Just wondering i practise wingtsun ,black belt kick boxing,i dnt nor have i ever don wrestling or (not sure how to spell it ) ju_jitsu
DO u have to do ground wrk to fight


----------



## Suvaco (Mar 31, 2007)

Yes, you do need groundwork to fight in MMA. If you don't, you probably won't last more than 2 minutes, if even that much. 
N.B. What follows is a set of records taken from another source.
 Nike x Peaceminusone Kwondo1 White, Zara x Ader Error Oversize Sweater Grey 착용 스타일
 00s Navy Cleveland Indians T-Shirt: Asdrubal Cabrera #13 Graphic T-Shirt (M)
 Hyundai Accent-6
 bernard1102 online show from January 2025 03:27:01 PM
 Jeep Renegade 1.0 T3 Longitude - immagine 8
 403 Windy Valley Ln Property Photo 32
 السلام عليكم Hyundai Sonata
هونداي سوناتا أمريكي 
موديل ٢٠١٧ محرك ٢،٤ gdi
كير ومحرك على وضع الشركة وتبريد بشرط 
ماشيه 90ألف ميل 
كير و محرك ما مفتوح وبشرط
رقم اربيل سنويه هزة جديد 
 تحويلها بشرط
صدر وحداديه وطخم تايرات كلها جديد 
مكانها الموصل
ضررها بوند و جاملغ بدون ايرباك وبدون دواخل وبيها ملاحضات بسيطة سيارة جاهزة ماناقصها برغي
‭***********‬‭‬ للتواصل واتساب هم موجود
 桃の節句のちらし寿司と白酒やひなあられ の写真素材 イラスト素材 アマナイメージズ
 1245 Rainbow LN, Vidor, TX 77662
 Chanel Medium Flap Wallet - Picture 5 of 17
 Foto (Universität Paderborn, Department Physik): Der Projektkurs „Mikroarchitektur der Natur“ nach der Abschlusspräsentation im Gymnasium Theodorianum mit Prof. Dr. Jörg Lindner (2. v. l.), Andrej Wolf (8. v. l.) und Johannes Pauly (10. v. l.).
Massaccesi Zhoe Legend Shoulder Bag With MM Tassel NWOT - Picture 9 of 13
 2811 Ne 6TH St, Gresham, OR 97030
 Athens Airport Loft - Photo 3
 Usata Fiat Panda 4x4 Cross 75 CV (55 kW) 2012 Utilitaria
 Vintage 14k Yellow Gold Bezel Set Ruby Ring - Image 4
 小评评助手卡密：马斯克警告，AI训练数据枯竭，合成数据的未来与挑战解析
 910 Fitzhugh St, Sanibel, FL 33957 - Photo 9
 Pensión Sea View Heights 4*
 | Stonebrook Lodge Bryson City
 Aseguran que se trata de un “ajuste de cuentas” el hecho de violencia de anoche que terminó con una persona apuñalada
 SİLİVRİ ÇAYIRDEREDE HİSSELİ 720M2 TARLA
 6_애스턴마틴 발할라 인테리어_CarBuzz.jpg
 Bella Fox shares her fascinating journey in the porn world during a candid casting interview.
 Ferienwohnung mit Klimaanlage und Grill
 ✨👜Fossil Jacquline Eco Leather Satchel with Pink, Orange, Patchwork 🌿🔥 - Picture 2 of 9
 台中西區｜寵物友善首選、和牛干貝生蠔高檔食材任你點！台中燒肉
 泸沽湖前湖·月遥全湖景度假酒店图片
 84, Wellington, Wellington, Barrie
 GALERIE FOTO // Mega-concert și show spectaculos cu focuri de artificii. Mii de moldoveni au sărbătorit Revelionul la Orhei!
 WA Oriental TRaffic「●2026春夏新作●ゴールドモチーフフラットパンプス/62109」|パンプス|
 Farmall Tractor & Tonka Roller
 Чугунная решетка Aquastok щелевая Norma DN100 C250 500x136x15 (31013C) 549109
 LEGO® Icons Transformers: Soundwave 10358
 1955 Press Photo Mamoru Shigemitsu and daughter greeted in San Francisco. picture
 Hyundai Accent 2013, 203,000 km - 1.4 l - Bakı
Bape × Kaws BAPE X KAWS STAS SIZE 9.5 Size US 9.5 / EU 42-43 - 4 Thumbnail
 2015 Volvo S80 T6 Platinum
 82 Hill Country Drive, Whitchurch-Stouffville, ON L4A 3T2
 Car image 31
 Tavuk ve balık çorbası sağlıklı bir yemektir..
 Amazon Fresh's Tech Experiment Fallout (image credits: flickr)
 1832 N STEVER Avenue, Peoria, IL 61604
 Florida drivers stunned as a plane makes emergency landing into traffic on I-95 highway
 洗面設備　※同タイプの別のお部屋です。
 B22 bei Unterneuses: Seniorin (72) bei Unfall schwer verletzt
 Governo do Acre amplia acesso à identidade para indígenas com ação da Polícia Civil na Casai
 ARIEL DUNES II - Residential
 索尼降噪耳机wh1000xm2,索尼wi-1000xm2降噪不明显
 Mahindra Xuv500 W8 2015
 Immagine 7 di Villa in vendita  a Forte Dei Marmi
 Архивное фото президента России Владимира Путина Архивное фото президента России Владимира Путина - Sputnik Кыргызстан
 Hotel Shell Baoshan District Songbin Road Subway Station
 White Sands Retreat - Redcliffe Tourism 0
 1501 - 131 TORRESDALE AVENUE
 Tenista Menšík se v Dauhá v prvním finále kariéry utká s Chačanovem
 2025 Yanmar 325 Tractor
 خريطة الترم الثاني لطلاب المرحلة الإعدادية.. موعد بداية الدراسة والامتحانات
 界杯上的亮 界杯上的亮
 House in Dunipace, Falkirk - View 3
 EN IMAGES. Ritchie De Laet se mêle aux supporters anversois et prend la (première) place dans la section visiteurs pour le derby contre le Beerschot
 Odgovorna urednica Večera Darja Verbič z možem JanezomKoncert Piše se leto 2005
I don't know that much about Wing Tsun, but as a general rule, Kung Fu is not too practical for MMA.


----------



## danineire (Mar 16, 2008)

wingtsun is close combat (type Leung Ting into google if ur interested) fighting i think its more practical than kick boxing
so wat would u suggest for a ground workout
wud i have to gain weight im around 11stone


----------



## TheNegation (Jun 11, 2007)

BJJ BJJ BJJ

Dude, steaight up Boxing/Kickboxing/Muay Thai would be better than Wing Tsun, IMO.

You need three things to fight MMA: Striking, Wrestling, and submission skills. You can't really get away withough any of them.


----------



## Suvaco (Mar 31, 2007)

danineire said:


> wingtsun is close combat (type Leung Ting into google if ur interested) fighting i think its more practical than kick boxing
> so wat would u suggest for a ground workout
> wud i have to gain weight im around 11stone


I don't know how much 11 stone is. What is that in pounds, approximately?

And for groundwork, like TheNegation said, definitely BJJ. The entire sport of MMA had been built around BJJ, so it is absolutely necessary.


----------



## Bloodlusting (Jul 3, 2007)

i did wing chun (wing tsun, ving tsung) for two years, then i did muay thai. theres a lot of things i like about wing chun, its built on some excellent principles. for instance the emphasis on speed, through learning to relax the antoginstic muscles of a punch.. and the idea of using the hip to generate power. but overall, muay thai is much closer to a complete system than wing chun, and substantially more practical, but there was still a lot i took from wing chun to modify my muay thai. 
and BJJ for ground


----------



## TheNegation (Jun 11, 2007)

A stone is equal to 14 pounds Wawa, 11 stone is about 154 pounds, so the guy is probably a FW canditate.


----------



## joppp (Apr 21, 2007)

I've haerd Wing Tsun can be used pretty effectively as a standup art. But you should consider BJJ, wrestling or Muay Thai (preferably all three, or you could try to find an MMA gym).


----------



## danineire (Mar 16, 2008)

Being from ireland 
There is one or 2 mma training gym,s 
any1 here know where they are can,t find them on the net
and where i could find a good diet plan


----------